(Short text fragments from websites)
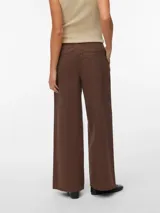Jean de tiro medio y pierna ancha, color marrón, con cintura elástica con cordón ajustable y bolsillos laterales.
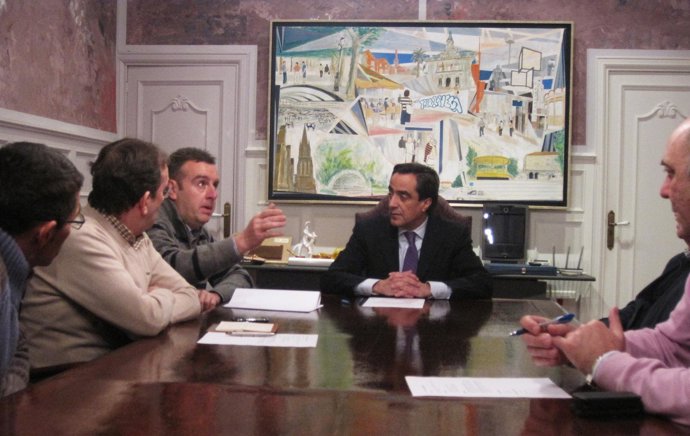 Reunión alcalde y vecinos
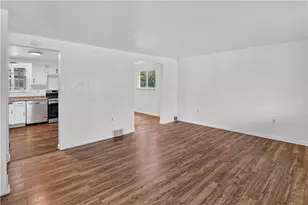 208 Tyrol Dr, Pittsburgh, PA 15227 - Photo 5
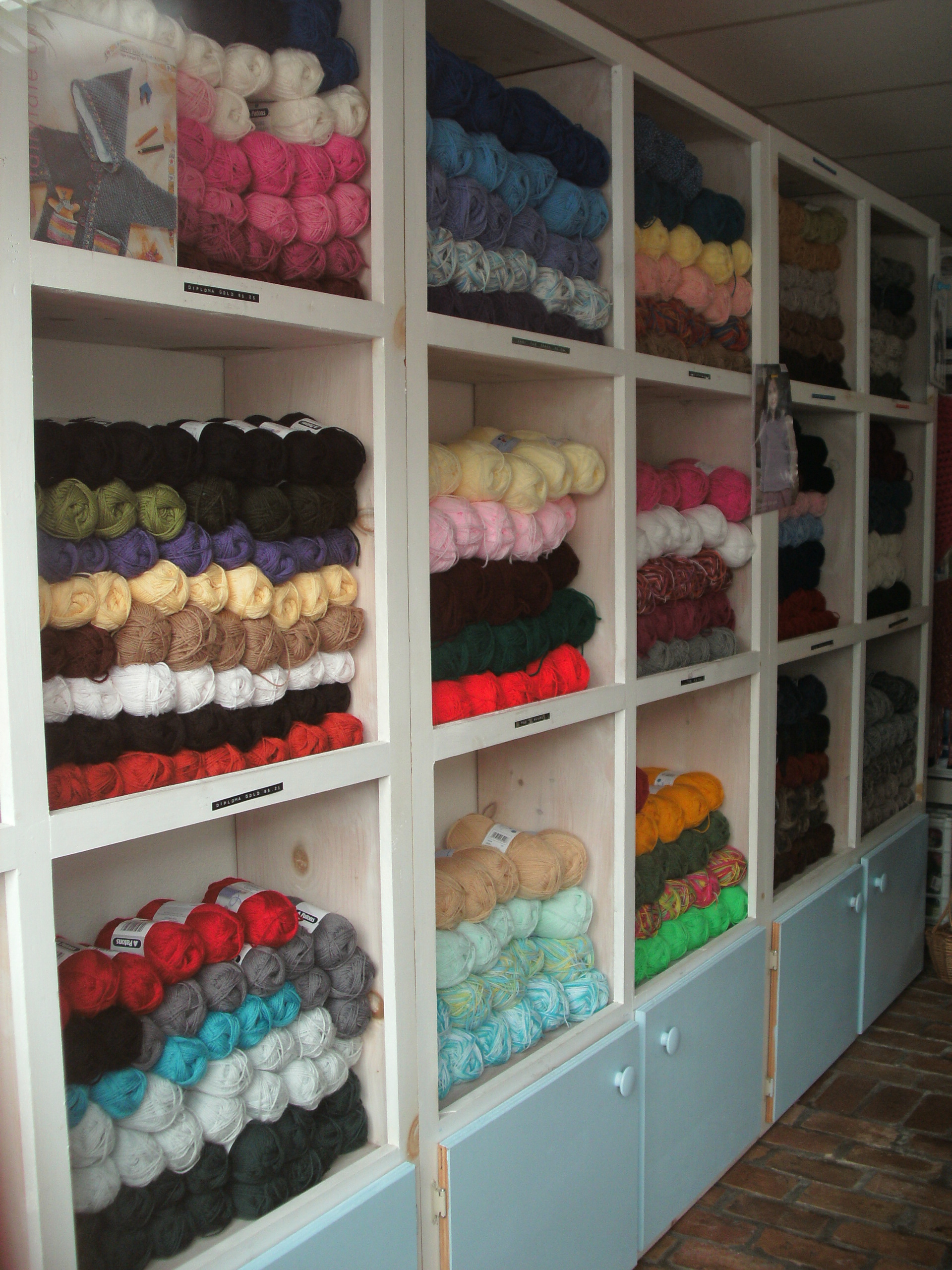Finding yarn stores in Bermuda Shiny Happy World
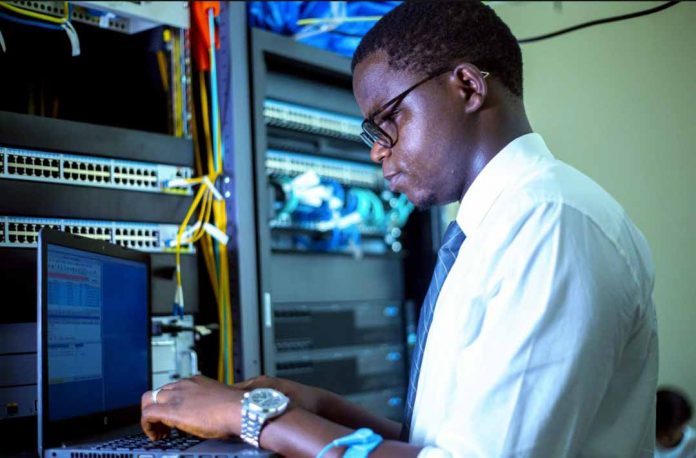 Offres d'emploi EGIS Cameroun: Responsable IT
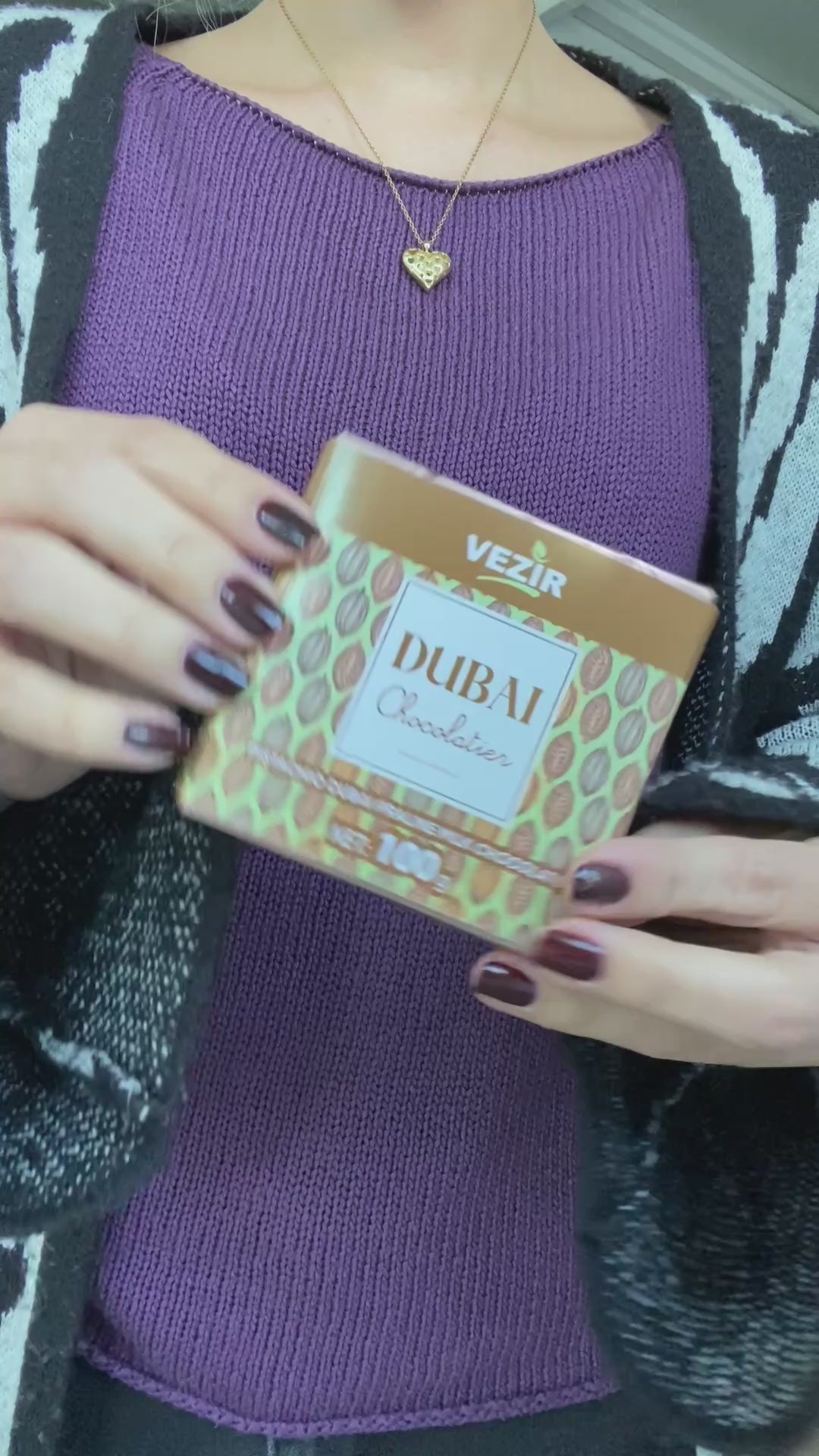 Pistachio Praline Dubai Chocolate Bar - Crispy & Nutty Delight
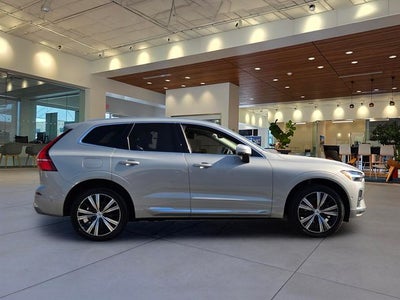 2023 Volvo XC60 B5 Ultimate Bright Theme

• **EXERCISE AIM**
From the line that includes "Reunión alcalde y vecinos" on down to the last line of the entries above, set down each line exactly, leaving out the pictures.

• **WRITTEN ANSWER**
 Reunión alcalde y vecinos
 208 Tyrol Dr, Pittsburgh, PA 15227 - Photo 5
Finding yarn stores in Bermuda Shiny Happy World
 Offres d'emploi EGIS Cameroun: Responsable IT
 Pistachio Praline Dubai Chocolate Bar - Crispy & Nutty Delight
 2023 Volvo XC60 B5 Ultimate Bright Theme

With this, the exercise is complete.